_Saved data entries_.
###

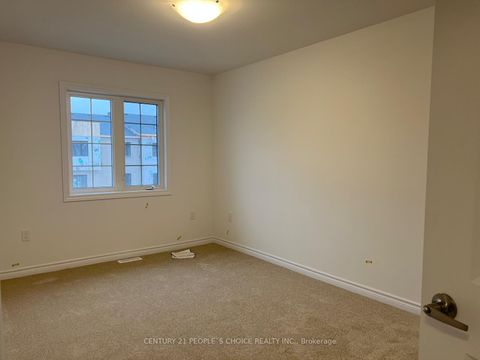 Photo 6 at 7 Silo Mews, Rural Barrie Southeast, Barrie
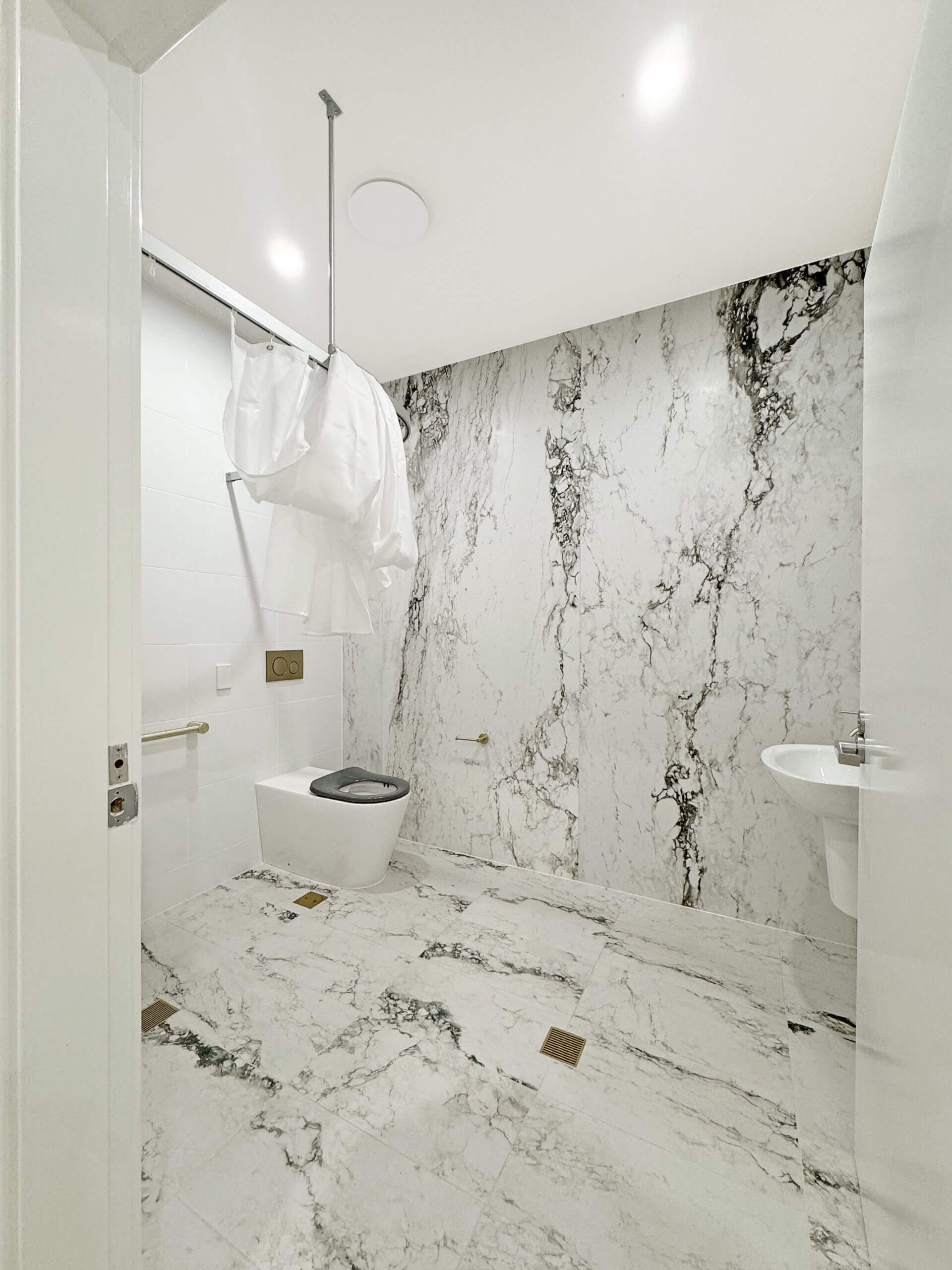 Coming in July 2026: 2-bedroom HPS / FA Villas in Goulburn — Home image 5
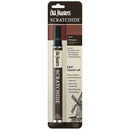 Old Masters Scratchhide Red Mahogany Touch-Up Stain Pen 0.5 oz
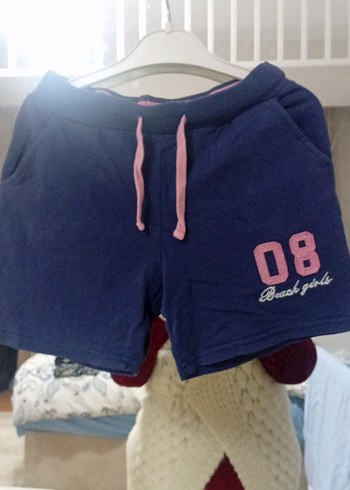 LC Waikiki 11-12 Yaş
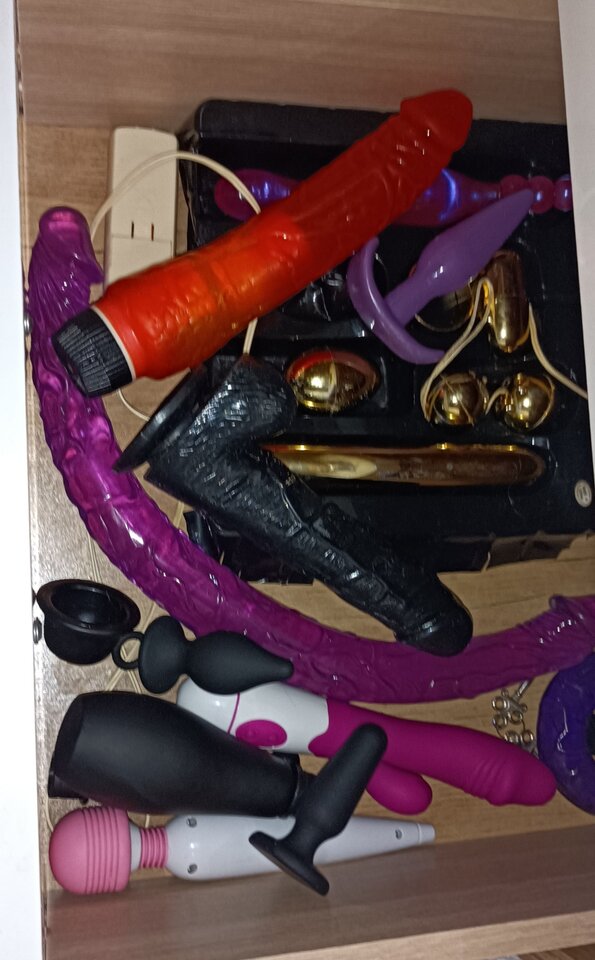 IMG_20220401_004244.jpg - Promyk1981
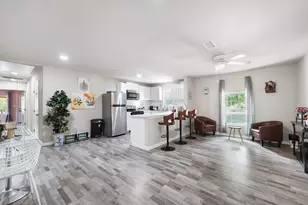 29 Co Rd 2131, Cleveland, TX 77327 - Photo 7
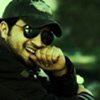 abdullah Al-shehri's profile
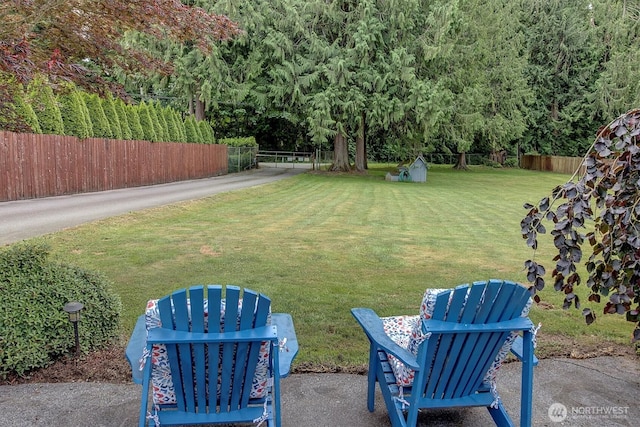 18009 Crooked Mile Rd, Granite Falls, WA 98252 - photo 3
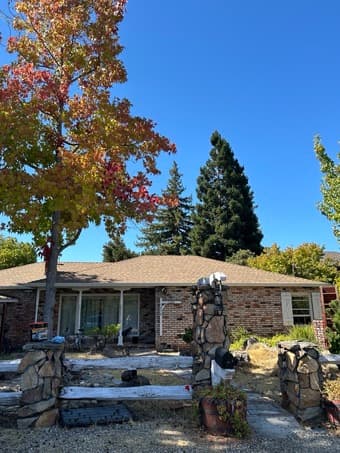 Room in spacious and beautiful Palo Alto house 4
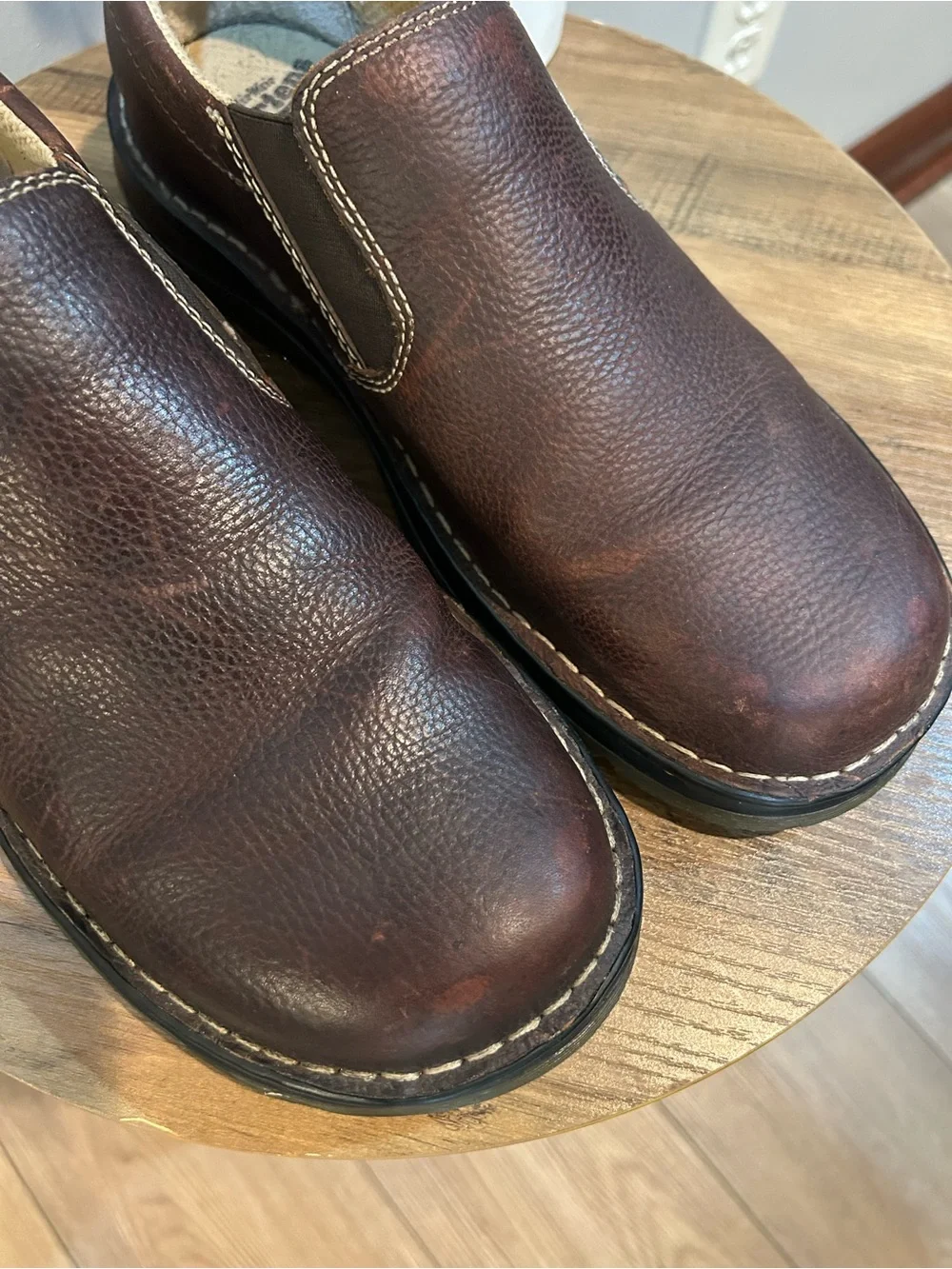 Dr. Martens dr martens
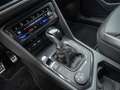 Volkswagen Tiguan 2.0 TDI DSG R-Line 4M Leder Navi AHK Weiß - thumbnail 15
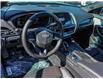 2023 Cadillac CT5 Sport (Stk: R23547) in Ottawa - Image 9 of 21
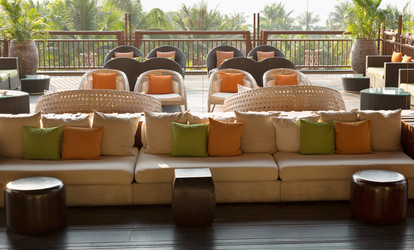 Similar image 1820456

###

_What is required_.
Leave out every picture, and copy exactly the lines above starting at the one holding "Old Masters Scratchhide" and ending at the one holding "abdullah Al-shehri's profile", no more and no less.

_Result below_.
 Old Masters Scratchhide Red Mahogany Touch-Up Stain Pen 0.5 oz
 LC Waikiki 11-12 Yaş
 IMG_20220401_004244.jpg - Promyk1981
 29 Co Rd 2131, Cleveland, TX 77327 - Photo 7
 abdullah Al-shehri's profile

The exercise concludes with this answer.